May vegetable planting and transplanting

  • Few seeds will germinate if the soil temperature is below 45ºF (7ºC) and warm-weather crops will not thrive until the night temperatures stay consistently above 50ºF (10ºC). Follow the high and low temperatures for several days if you are unsure if the time is right to begin sowing and planting out warm-season crops.
  • If you do get started and temperatures unexpectedly dip, use horticultural fleece or cloches to protect summer veggies from danger.
  • You can minimize transplant shock if you hold off putting melons and summer and winter squash seedlings in the garden until 10 days after the date of the last expected frost. Peppers and eggplants can be transplanted into the garden two to three weeks after the last frost.
  • Herb starts like dill, oregano, sweet marjoram, cilantro, rosemary, sage, and thyme can be transplanted into the garden this month. Make sure the weather is settled warm before you plant out basil and lemongrass.
  • Start sowing vegetables without protection if the soil and nighttime temperatures have warmed.
  • Thin beets, carrots, lettuce, radishes, spinach, and other half-hardy and hardy seedlings were planted late last month. As crops are harvested, plant successions spring crops or start introducing summer crops.
  • Early in the month, prepare outdoor sites for cucumbers, squashes, and tomatoes.

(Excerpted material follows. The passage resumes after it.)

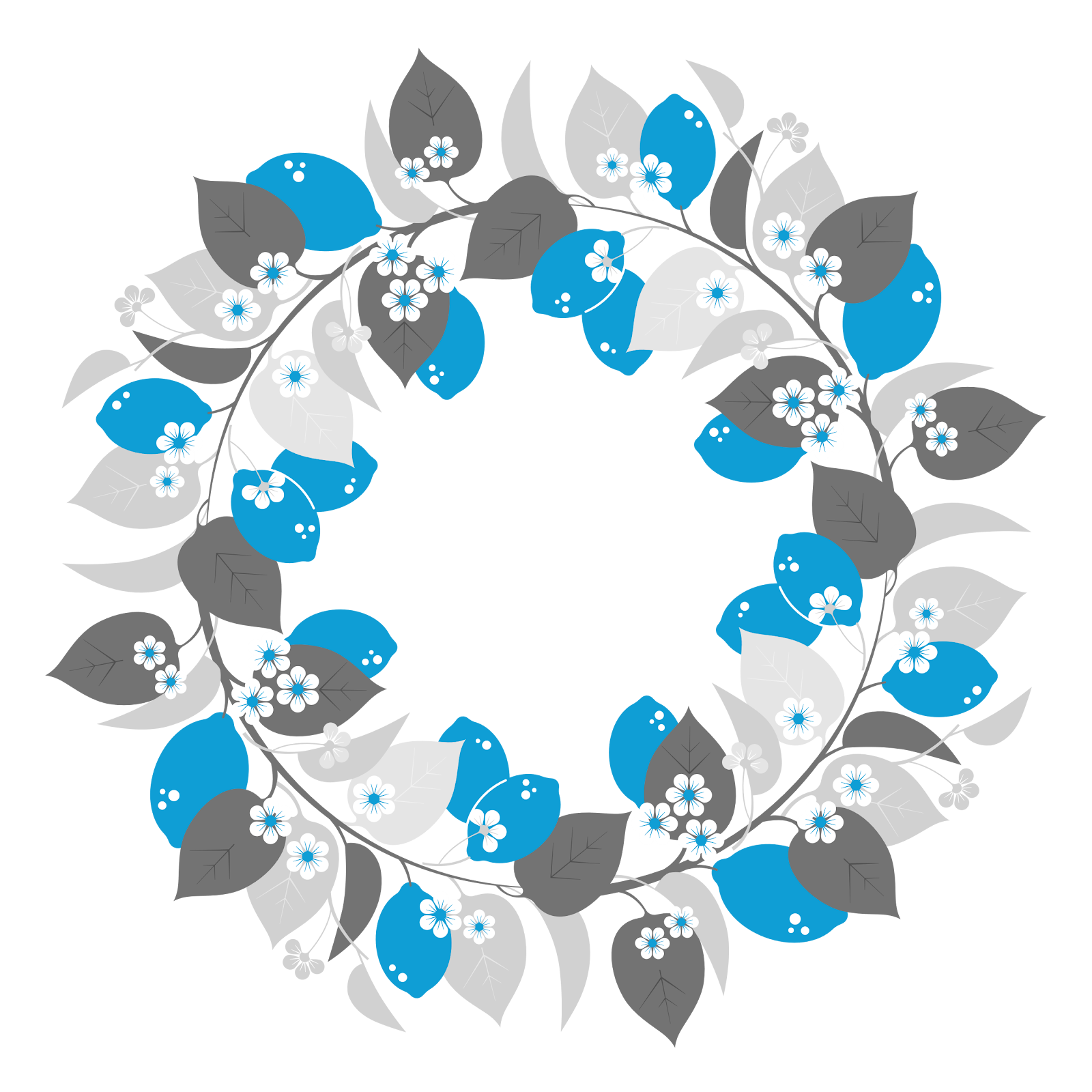 A wreath with lemons and leaves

Erect supports for runner beans, and place stakes, poles, and trellises in place for tall and climbing crops.
  • Stake tomatoes and tie them gently to the stakes.
  • Remove cloches from broad beans, carrots, and peas.
  • Mid-month sowing: sow seeds of beans, lima beans, corn, okra, squash, cucumber, cantaloupe, Chinese cabbage, and other tender vegetables and herbs after temperatures have reached 70sF.
  • Sow cucumbers in mounds enriched with plenty of well-rotted manure and compost.
  • Set out transplants after mid-month: tomato, eggplant, pepper, and sweet potato.
  • Set out sweet potato slips on a cloudy day. Form a little mound of soil over young potato shoots to protect them from frost.
  • Pinch out the tips on broad beans to encourage a good pod set and to deter attack from aphids.
  • Make sowings of salad crops and summer spinach.
  • Stop watering onions, garlic, and shallots when the foliage begins to turn yellow.

Harvesting early crops

  • Start picking broad beans when the pods are finger thick.
  • Continue to cut asparagus. As the asparagus harvest ends, cut back female plants with berries.
  • When peas stop producing, cut vines to the ground (do not pull allowing their roots to fix nitrogen in the soil). Replace early cool-weather crops with summer crops.
French beans and runner beans outside a cold frame

Greenhouse and cold frame

  • Sow successions of tender vegetables such as tomatoes, peppers, cucumbers, and runner beans to plant out later.
  • Plant greenhouse tomato plants in large pots, or plant them in grow bags.
  • Water and feed tomatoes, cucumbers, and peppers, never letting the soil dry out. Remove side shoots from tomatoes.
  • Attach slings or nets to greenhouse melons as they swell.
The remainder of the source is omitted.